Konaklama tesislerinin sayısının artması ile birlikte ülkeye gelen turist sayısı her ne kadar artsa bile  “harcama potansiyeli düşük”  bir turist kitlesinin ülkeye girmesinin de yolu açılmış oluyor. Burada hükümet edenlere düşen görev, her yıl yaklaşık 6 milyon dış ülkelerde tatilini geçiren Türk vatandaşlarının yurt içinde tatillerini geçirmelerini teşvik edici girişimlerde bulunmaları gerekmektedir.
Dünyanın her bölgesinin ve özellikle de bölgemizin ısınmaya başladığı şu süreçte turizme yapılan her yatırımı  “ölü yatırım”  olarak değerlendiriyorum. Son yirmi yıldır gözde sektörlerin başında gelen  “turizm sektörü” bir on yıl sonra cazibesini yitirecektir, çünkü bölgemizde çıkacak karışıklıklar sonrasında Türkiye  “batılı ülkeler tarafından güvensiz ülke sınıfına alınacak ve turizm sektörü sinek avlamaya başlayacaktır.”  Turizm sektörüne yatırım yapmak isteyen yatırımcılara önerim, alternatif ve üretime dayalı özellikle de gıda üretimine yönelik yatırımlar yapmalarıdır.
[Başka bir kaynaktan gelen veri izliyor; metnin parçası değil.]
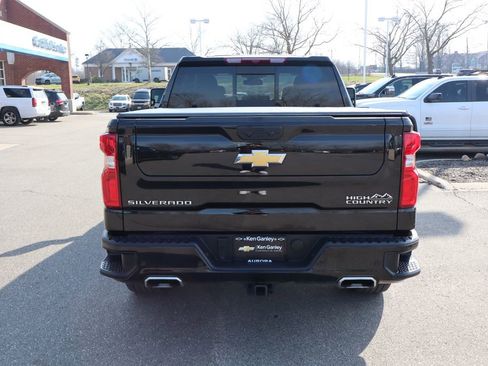 Used 2025 Chevrolet Silverado 1500 High Country w/ High Country Premium Package image 37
İnsanların temel ihtiyacı olan gıda ve barınma da sorun varsa, tatil ihtiyaçları ön plana çıkmaz. Turizm sektörünün altın dönemlerini yaşadığı evreler dünya ekonomisinin sorunsuz olduğu ve insanların barınma ve gıda ihtiyaçlarının ön plana çıkmadığı dönemlerdir. Ülke kaynaklarımızın kontrolü yabancıların elinde olan kalemlere yapılması ileri de büyük sorunlar yaşamamıza neden olacaktır. Hükümet edenlerimizin, yatırımcılara ön ayak olup yanlış yatırımlara yönelmelerini engellemeleri ülke menfaatlerimiz gereğidir.
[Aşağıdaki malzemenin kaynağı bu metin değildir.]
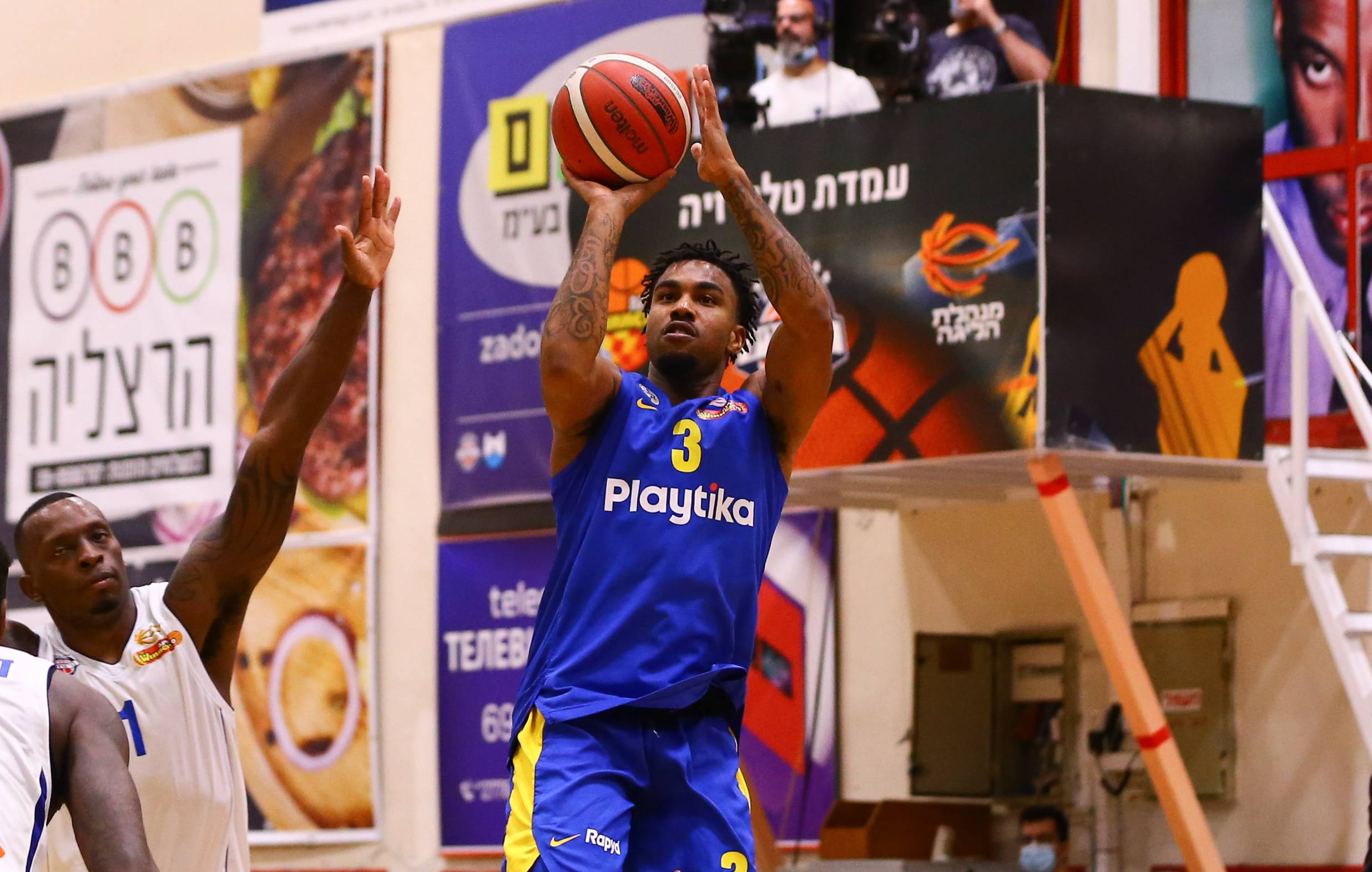 צפו: כריס ג'ונס כיכב בניצחון האלופה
Bundan sonraki süreçte turizm yatırım alanlarının kesinlikle tarım ve orman arazilerinin dışında ve hatta verimsiz topraklar üzerine yapılması, gelecekte sıkıntısını büyük ölçüde yaşayacağımız gıdanın üretim alanlarının daralmasını önleyici bir girişim olacaktır.
Tarım ve orman alanları bir kez yok olduğunda geri kazanımı imkansızdır. Bu nedenle önceliklerimiz turizme göre değil gıda ve barınma ihtiyaçlarına göre belirlenmelidir.